Pioneers like Daniel Lanois and Chas Smith paved the way in the 1980s, but the past several years have seen a very welcome pedal steel ambient scene emerging from the underground. Jesse Jarnow’s recent overview is an excellent resource — but since it was published, we’ve been blessed with even more cosmic pedal steel situations. Here are just a handful that have caught our ears. |t wilcox and j woodbury

North Americans :: Roped In

Patrick McDermott and Barry Walker’s North Americans released Roped In this fall — an absolutely dreamy collection of acoustic guitar + pedal steel duets that is guaranteed to ease your mind and soothe your stress.
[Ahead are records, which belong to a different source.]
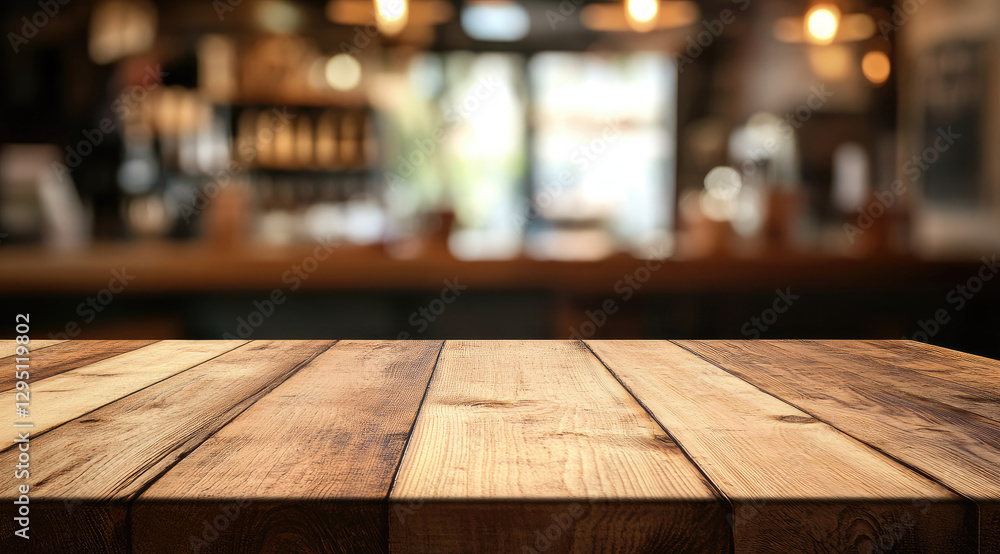 A wooden tabletop in a cozy caf? setting, with a blurred background of a coffee shop. A wooden tabletop in a cozy caf? setting, with a blurred background of a coffee shop.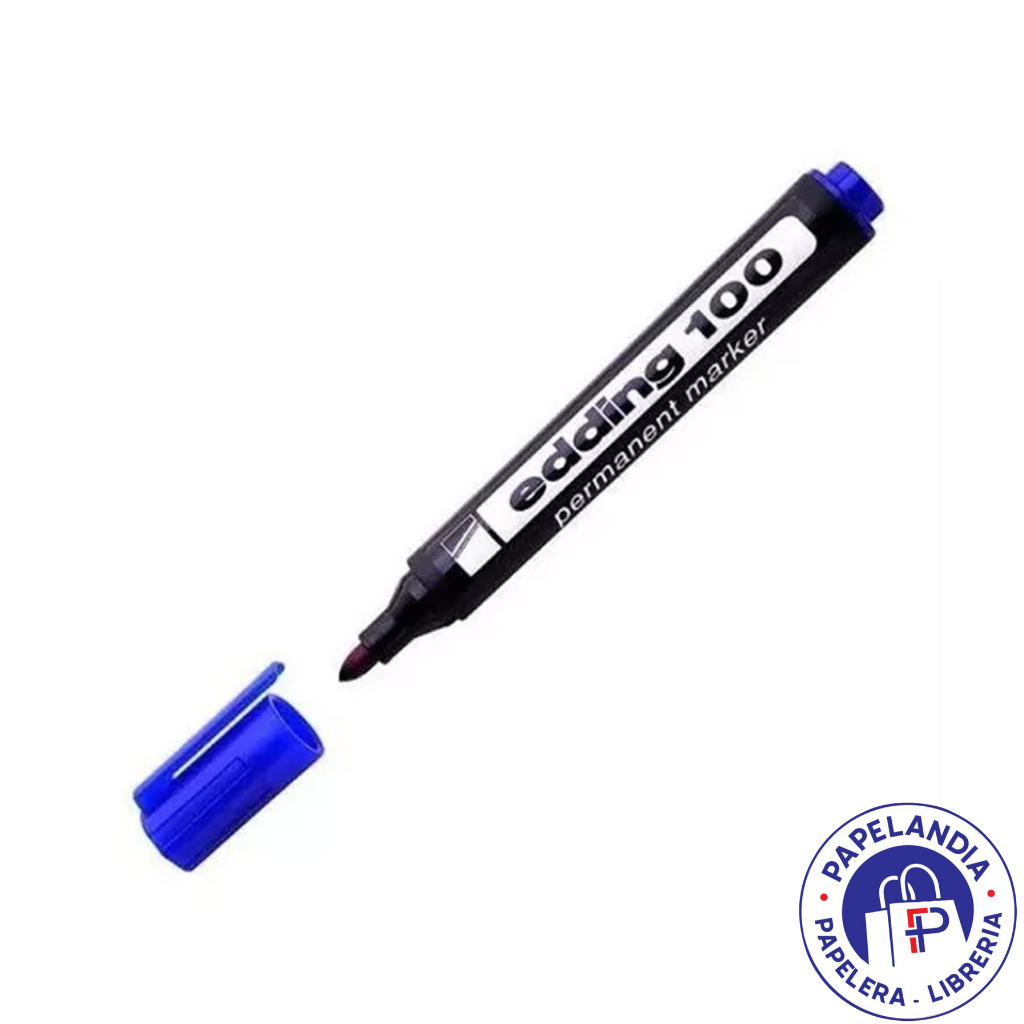 MARCADOR EDDING 100 PUNTA REDONDA AZUL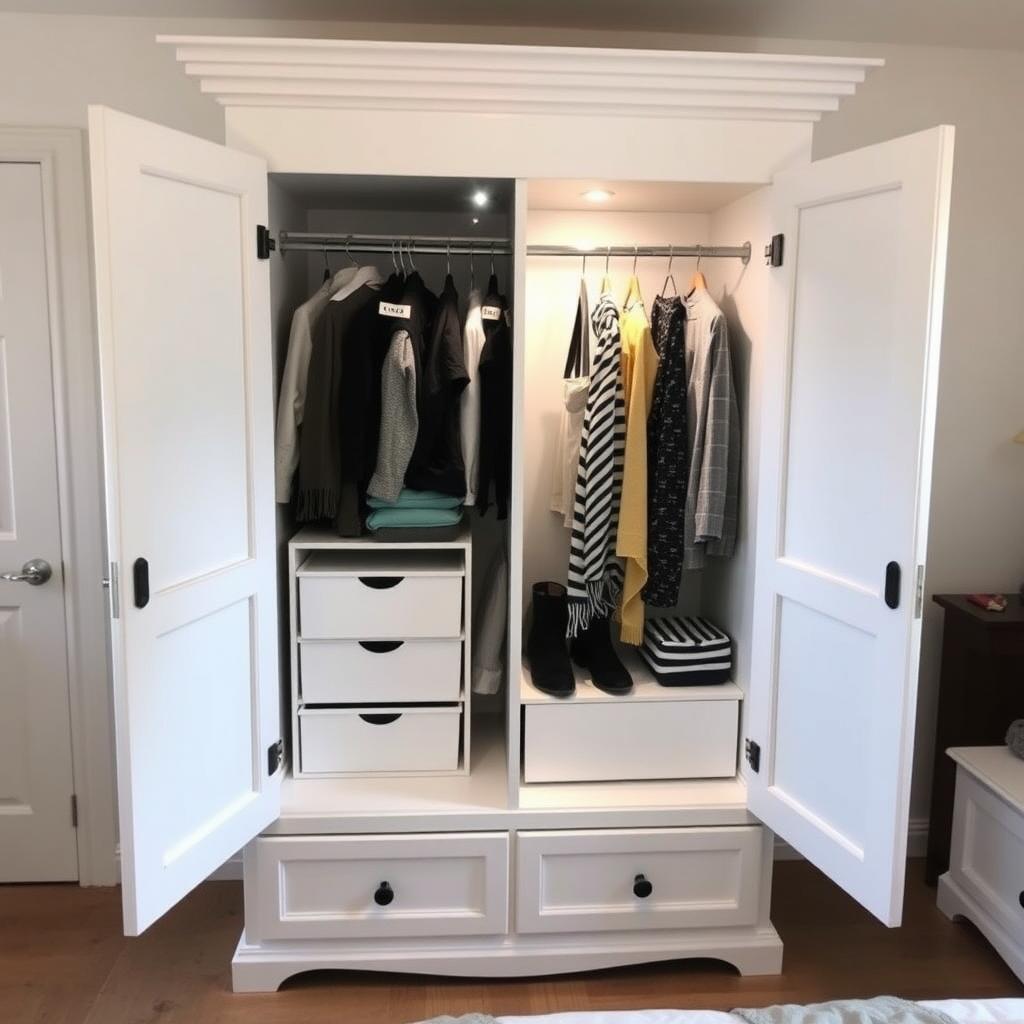 Organized white armoire with labeled bins and hooks in a minimalist tiny home bedroom.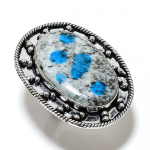 Natural K2 Azurite Gemstone Handmade 925 Sterling Silver Ring Size 8.5 u8q46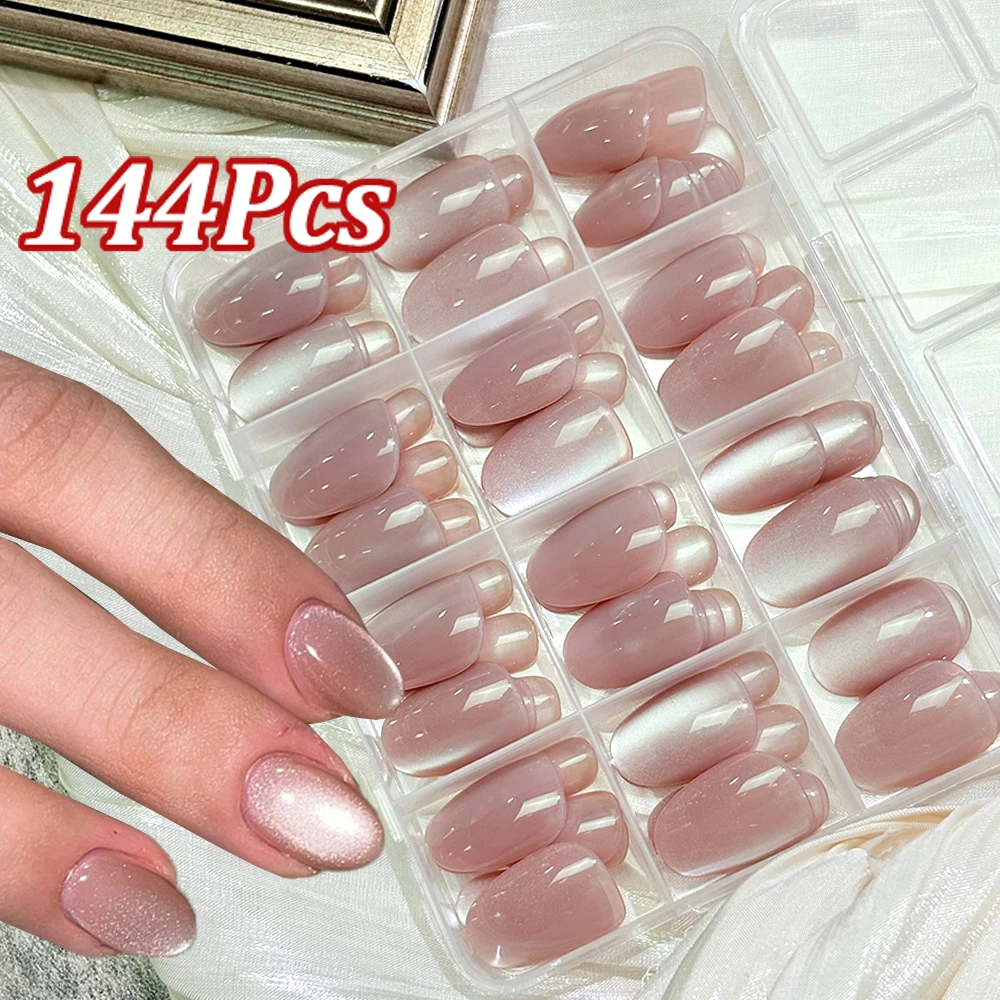144 stuks naakt roze glitter cat eye nepnagels korte ovale jelly cat's eye volledige dekking druk op nagels voor vrouwen draagbare kunstnagels #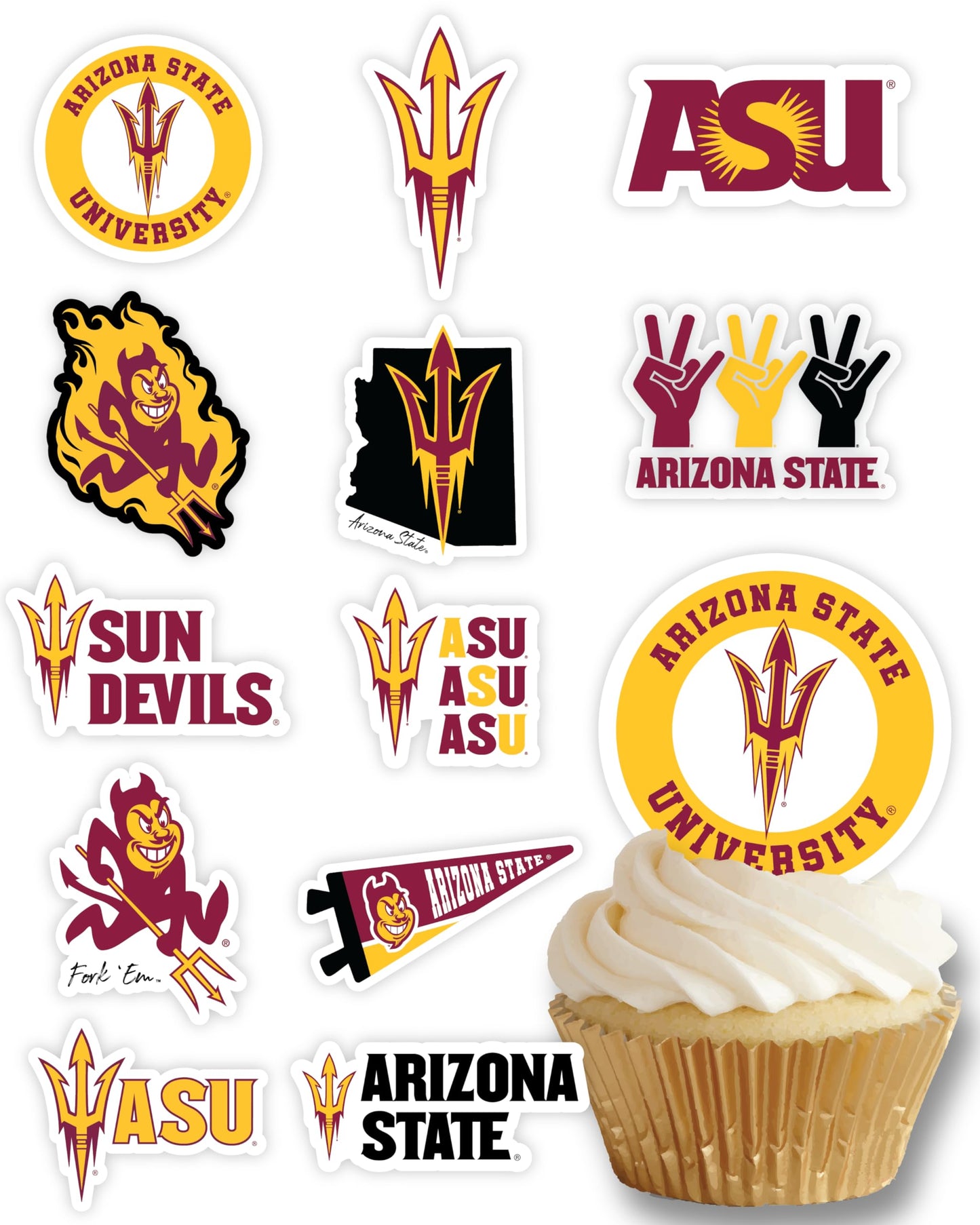 Arizona State Cupcake Toppers (24 Pcs) Arizona State Party Supplies For Football, Birthday Gift, Graduation Party Decorations (A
It might even lower your blood pressure. Aided on a few tracks by such ringers as Mary Lattimore and William Tyler, McDermott and Walker keep things blissfully simple, often lingering on a simply strummed chord, allowing the ethereal drifts of Walker’s pedal steel to float along freely. Meditation music that feels like a cosmic conversation between the players — and the listener, too. 

Barry Walker :: Shoulda Zenith

You’re also going to want to check out Walker’s new Shoulda Zenith, which offers even more of this very tasty vibe, but gets a little further out. The songs here often lean toward the freeform, as Walker plays off of skittering drums that build things up and then break them down marvelously. His playing can slip effortlessly from the rootsy and earthbound to the avant — dig “Up The Fan, Into The Keyhole” for a virtuosic, imaginative performance, with Walker and percussionist Ben Dorothy calling to mind the interstellar duets of John Coltrane and Rashied Ali. Chase it with Luke Schneider’s similarly styled Altar of Harmony from earlier this year. 

Heather Leigh :: Glory Days

Even more adventurous is the work of Heather Leigh, the Glasgow-based artist who has pitched her pedal steel against such formidable and diverse collaborators as Peter Brötzmann and Shackleton. On her latest release, Glory Days, Leigh blends the pedal steel with chilly synth, field recordings and her Meredith Monk-ish vocals to create something truly unique; as haunting as it is weirdly beautiful. 

Susan Alcorn Quintet :: Pedernal

Though less glossed than many of the selections here, Susan Alcorn pilots her pedal steel guitar backed by an ace combo of sympathetic avant and jazz improvisers, including Mark Feldman on violin, Michael Formanek on double bass, drummer Ryan Sawyer, and guitarist Mary Halvorson, who locks in with Alcorn with mind-melded precision.

SUSS: Promise

And speaking of beautiful, don’t sleep on Promise, SUSS’s positively luminous third album. It’s a wide-open and cinematic offering from the NYC collective, who have jokingly (but accurately?) referred to their music as “bootgaze.” Jonathan Gregg’s pedal steel is often front and center, but SUSS is very much a band, with each member contributing to the enveloping atmospherics. Think of Yo La Tengo in their most serene instrumental moments or Eno and Lanois’ cowboy-in-space Apollo soundtrack and you’re somewhere in the right neighborhood.

Post Moves: Cut Into Your Own Dimension

Sam Wenc and pals dream up a glitchy, spacey sound that lands somewhere between BJ Cole’s 1973 progressive classic The New Hovering Dog, vintage educational doc ambiance, spoken word collage, and Cocteau Twins floatiness.